WASM with WASI

WASI offers a way to use Web Assembly as a container, for secure remote deployment.

Building a WASI project is quite familiar:

cargo new wasm_hello_world

Then edit the main.rs file:

// Import rust's io and filesystem module
use std::io::prelude::*;
use std::fs;

// Entry point to our WASI applications
fn main() {

  // Print out hello world!
  println!("Hello world!");

  // Create a file
  // We are creating a `helloworld.txt` file in the `/helloworld` directory
  // This code requires the Wasi host to provide a `/helloworld` directory on the guest.
  // If the `/helloworld` directory is not available, the unwrap() will cause this program to panic.
  // For example, in Wasmtime, if you want to map the current directory to `/helloworld`,
  // invoke the runtime with the flag/argument: `--mapdir /helloworld::.`
  // This will map the `/helloworld` directory on the guest, to  the current directory (`.`) on the host
  let mut file = fs::File::create("/helloworld/helloworld.txt").unwrap();

  // Write the text to the file we created
  write!(file, "Hello world!\n").unwrap();
}

To actuall build the project you need to install the WASI target:

rustup target add wasm32-wasi

And add a dependency to your project:

cargo add wasmtime

You can then build it with:

cargo build --target wasm32-wasi

To execute WASI projects locally, use wasmtime.
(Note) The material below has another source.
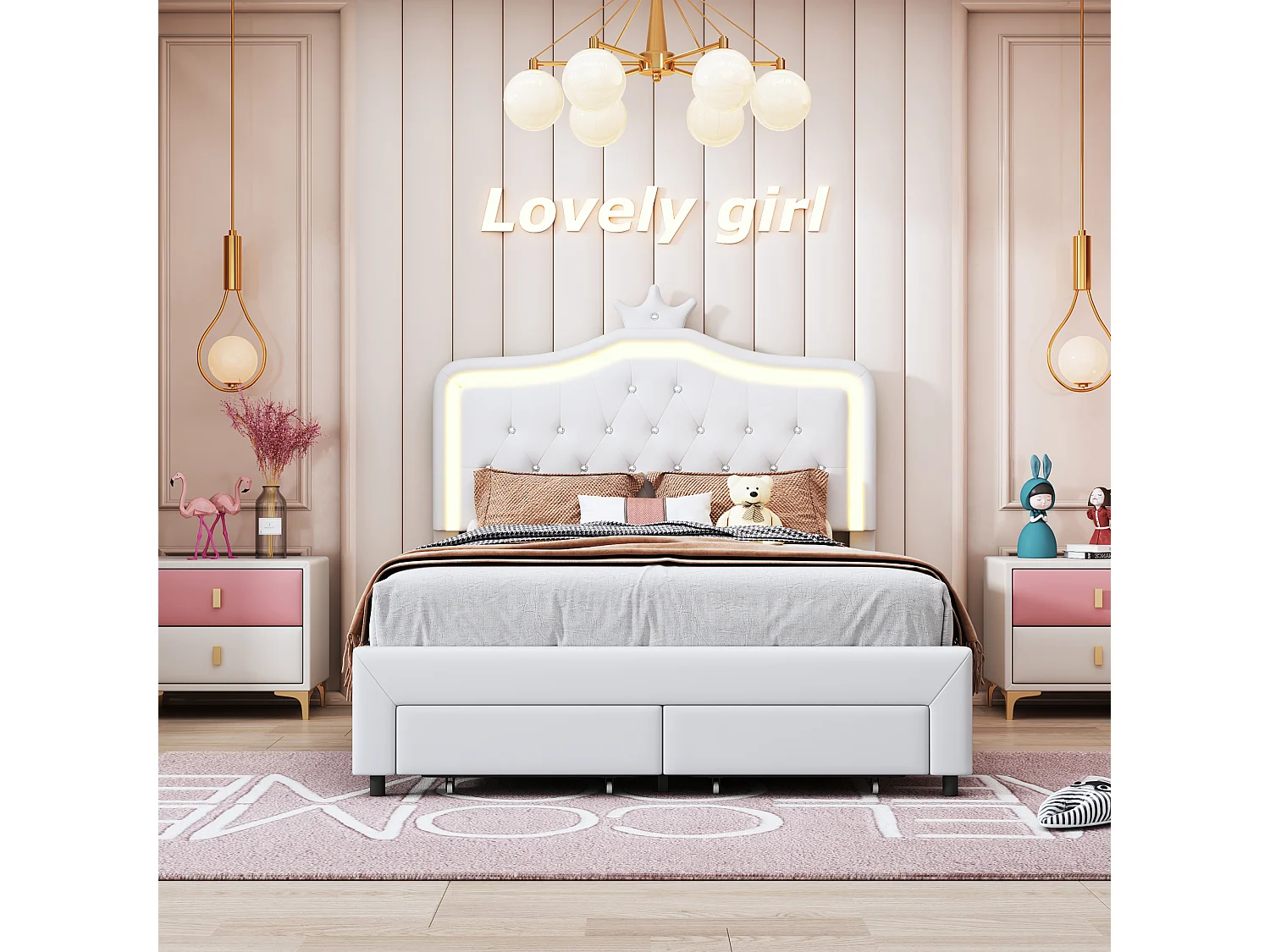 Lit Fille LED 140x200 cm avec 2 Tiroirs de Rangement et Couronne - Lit pour Enfant rembourré, avec Éclairage RGB Réglable, lit double, Cuir PU Blanc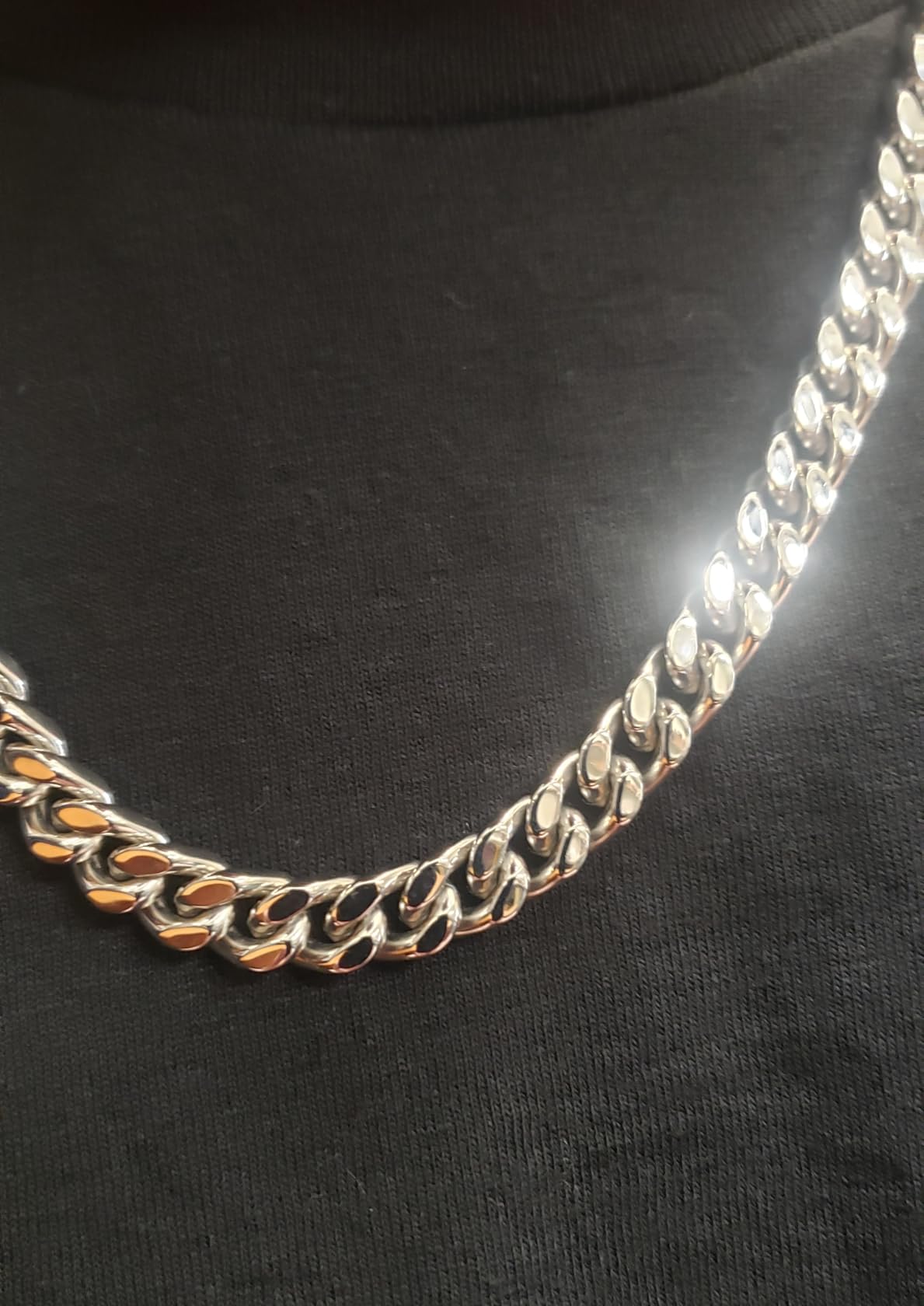 Stainless Steel Mens Cuban Link Chain, Black/18K Gold Plated Miami Cuban Chain Necklace, 5mm/7mm/9mm/12mm/14mm Width, No Tarnish & Durable Hip Hop Mens Jewelry, 18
You can install WASMTime by going to https://wasmtime.dev/ and following the instructions there. Typically, just run (on Linux or MacOS):

curl https://wasmtime.dev/install.sh -sSf | bash

Finally, you can run the WASI program inside the wasmtime host:

wasmtime --mapdir /helloworld::. target/wasm32-wasi/debug/wasi_hello_world.wasm

If all went well, a file was created. You are running a wasm binary in a container!